### EXERCISE INSTRUCTIONS
Transcribe all records exactly; omit pictures.

### STUDY MATERIAL
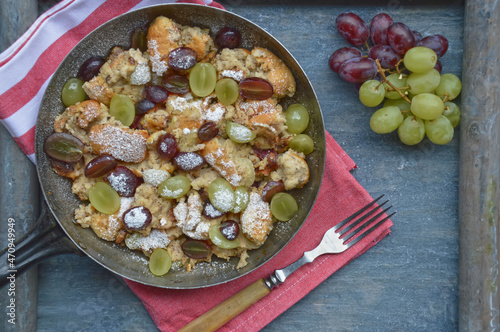 Traubenschmarrn - baked omelette with grapes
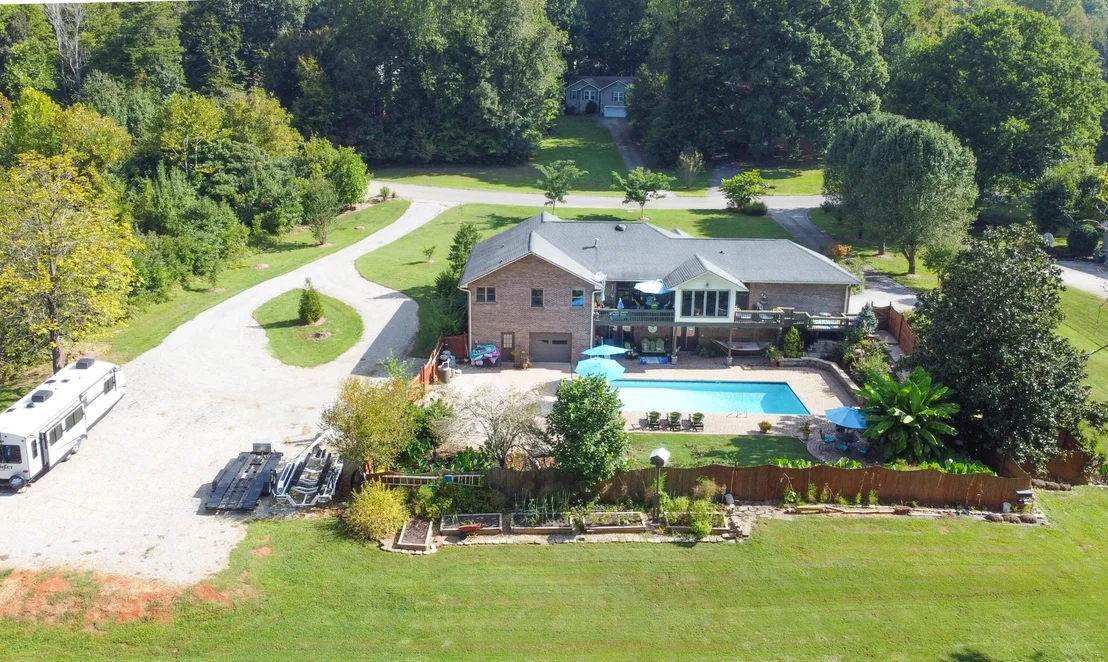 Photo of 354 Fallen Oak Circle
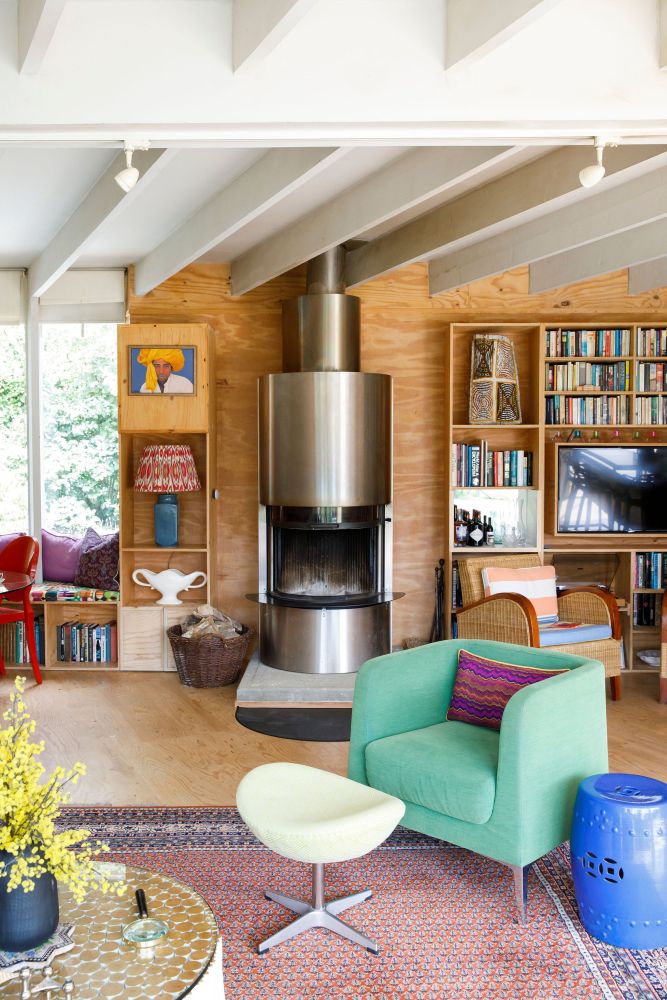 An architecturally unique timber-clad  home in the South Downs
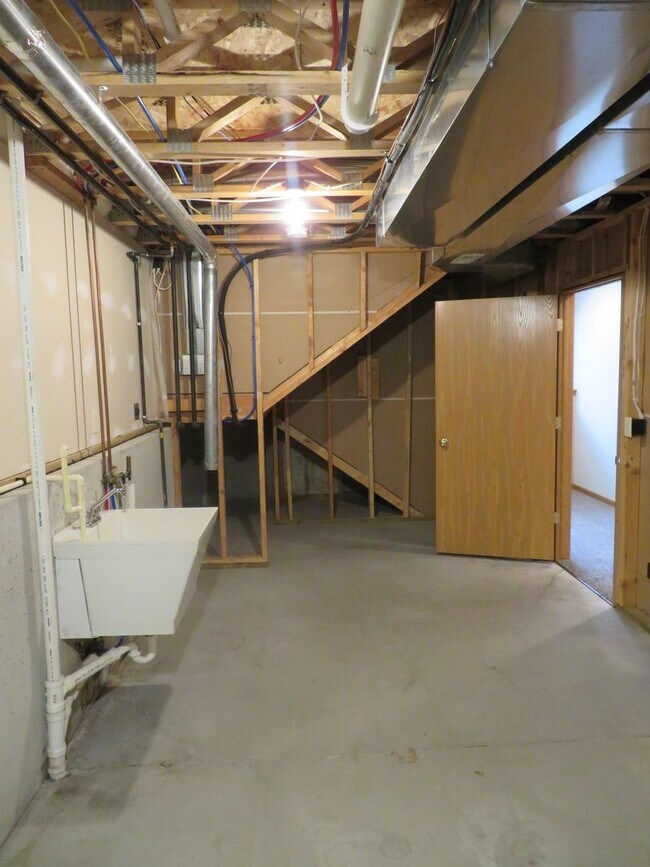 Building Photo - Raco 130/134 Nordic
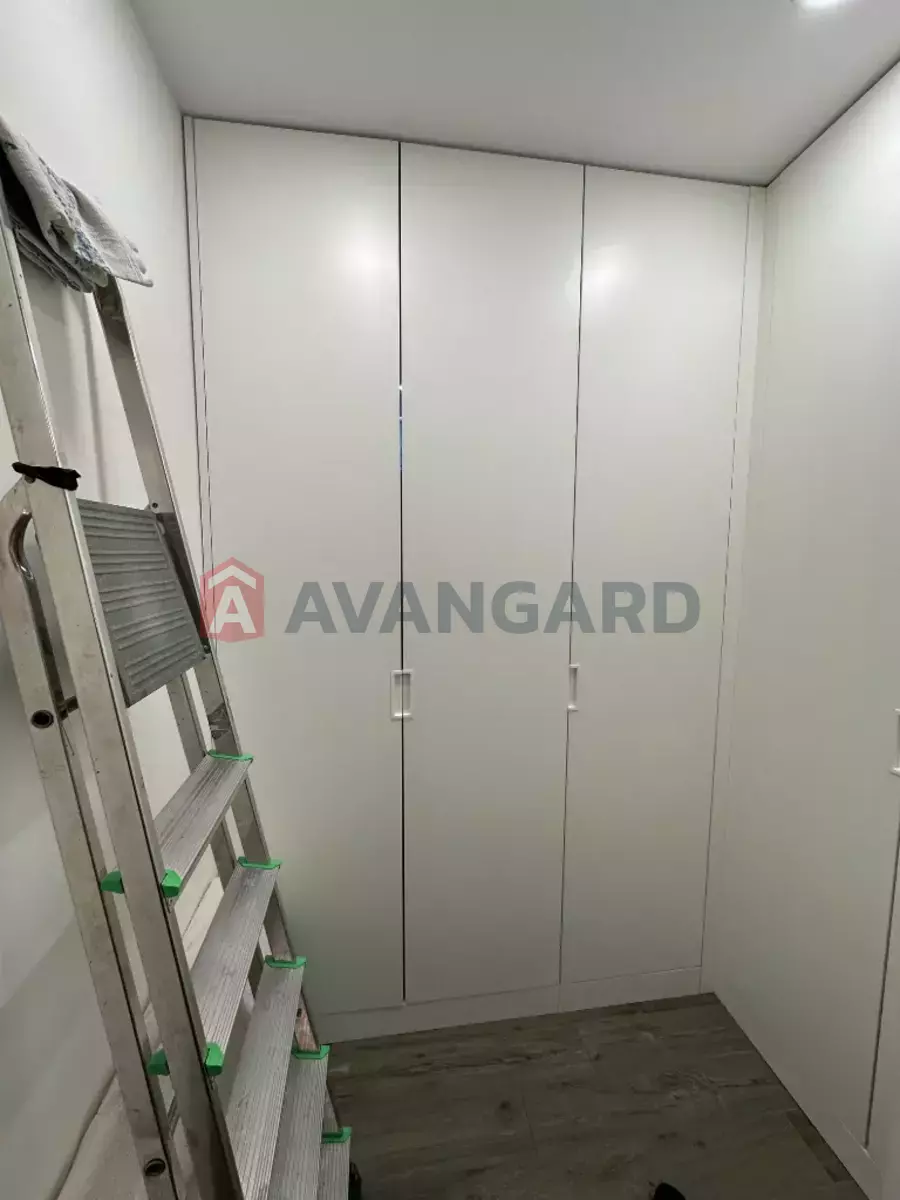 2 ��. ��������, 57/32/17 ��. �., 6/12 ������ ���� 17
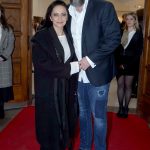 Majitelka divadla Lucie Bílá přišla na premiéru nového představení v doprovodu přítele Radka Filipiho. Namísto lodiček doplnila outfit mladistvými bílými teniskami.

### FINISHED TASK
 Traubenschmarrn - baked omelette with grapes
 Photo of 354 Fallen Oak Circle
 An architecturally unique timber-clad  home in the South Downs
 Building Photo - Raco 130/134 Nordic
 2 ��. ��������, 57/32/17 ��. �., 6/12 ������ ���� 17
 Majitelka divadla Lucie Bílá přišla na premiéru nového představení v doprovodu přítele Radka Filipiho. Namísto lodiček doplnila outfit mladistvými bílými teniskami.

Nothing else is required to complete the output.